Overview
The Regex gem enables pattern matching and text extraction using regular expressions. This gem provides four distinct output methods for processing text data:
Prerequisites
- Add
prophecy_basics package version 1.0.0 or higher to your project.
The Regex gem uses the following ports:
| Port | Description |
|---|
| in0 | The source table containing text data that needs to be processed with regex patterns. |
| out | The output table containing: - Original columns preserved
- New columns created based on the selected output method (Replace, Tokenize, Parse, or Match)
The output schema depends on the chosen method and configuration. |
Parameters
Configure the Regex gem using the following parameters.
Common configuration
These parameters are available for all regex operations:
| Parameter | Description |
|---|
| Select Column to Split | Choose the input column containing the text data you want to process with regex patterns. |
| Output Method | Select how the regex operation should handle matches: - Replace: Substitute matched text with replacement values.
- Tokenize: Split text into tokens or columns based on regex patterns.
- Parse: Extract specific groups from regex matches into separate columns.
- Match: Determine whether text matches the pattern.
|
| Regex | Enter your regular expression pattern. The field supports standard regex syntax with capture groups for extracting specific portions of matched text.
Note: Different SQL dialects may require specific escaping. For example, to match a literal dot, generic regex uses a\. while Databricks SQL requires a\\. |
| Case Insensitive Matching | Enable this option to perform pattern matching without regard to letter case. |
Replace configuration
The Replace method substitutes matched portions of text with specified replacement values. When using this method, the gem outputs an additional column with the replaced values.
| Parameter | Description |
|---|
| Replacement Text | Specify replacement text or use capture group references. |
| Copy Unmatched Text to Output | When enabled, non-matching text is preserved in the appended output column. |
Example
Use this method to standardize phone number formats from 555-123-4567 to (555) 123-4567.
-
Select Column to Split:
phone_number
-
Regex:
(\d{3})-(\d{3})-(\d{4})
-
Replacement text:
($1)$2-$3
This inserts capture groups 1, 2, and 3 into the replacement pattern to create the new formatted string. The result is written to a new output column, while the original value is preserved.
Input table
| id | phone_number |
|---|
| 1 | 555-332-1234 |
| 2 | 555-034-9876 |
Output table
| id | phone_number | phone_number_replaced |
|---|
| 1 | 555-332-1234 | (555)332-1234 |
| 2 | 555-034-9876 | (555)034-9876 |
Tokenize configuration
The Tokenize method splits text into tokens based on regex patterns and capture groups. Each capture group becomes a token. This method creates either new columns or rows depending on your configuration.

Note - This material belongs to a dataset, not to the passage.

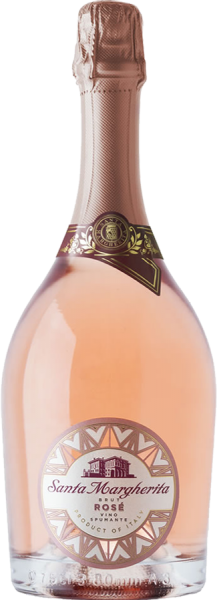 SANTA MARGHERITA BRUT ROSE VINO SPUMANTE ITALY 750ML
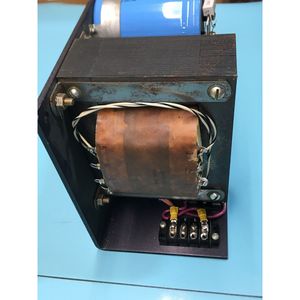 Transformateur de générateur RF, 2 types Mallory CGS - Équipements et pièces semi-conductrices d'occasion fiables à l'échelle mondiale chez - Product Image 5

| Parameter | Description |
|---|
| Select Split Strategy | Choose how to split the data: - Split to columns: Breaks text into tokens and places each token into a new column in the same row. Requires a fixed number of columns.
- Split to rows: Breaks text into tokens and outputs each token as a new row in a single column. Rows are generated dynamically, making this option useful when the number of tokens varies.
|
| Allow Blank Tokens (Split to columns only) | If there are fewer tokens than the defined number of columns, allow empty strings to fill the extra columns. Otherwise, those columns are set to NULL. |
| Number of columns (Split to columns only) | Specify the number of output columns to create for tokenized data. |
| For Extra Columns (Split to columns only) | Define how to handle cases where there are more tokens than columns. - Drop Extra with Warning: Skip writing excess tokens and log a warning message to indicate this.
- Drop Extra without Warning: Skip writing excess tokens silently without generating warnings.
- Error: Stop processing and raise an error when the number of tokens exceeds the defined number of columns.
|
| Output Root Name | Base name for the new column(s) containing the tokens. |
Example
Use this method to parse email addresses into username and domain components.
- Select Column to Split:
email
- Regex:
([^@]+)@(.+)
- Select Split Strategy: Split to columns
- Number of columns: 2
- Output root name:
token
Input table
| id | email |
|---|
| 1 | support@example.com |
| 2 | sales@company.org |
Output table
| id | email | token_1 | token_2 |
|---|
| 1 | support@example.com | support | example.com |
| 2 | sales@company.org | sales | company.org |
Parse configuration
The Parse method extracts capture groups from regex matches and outputs each group as a separate column. Prophecy automatically generates one output column for every capture group in the regex.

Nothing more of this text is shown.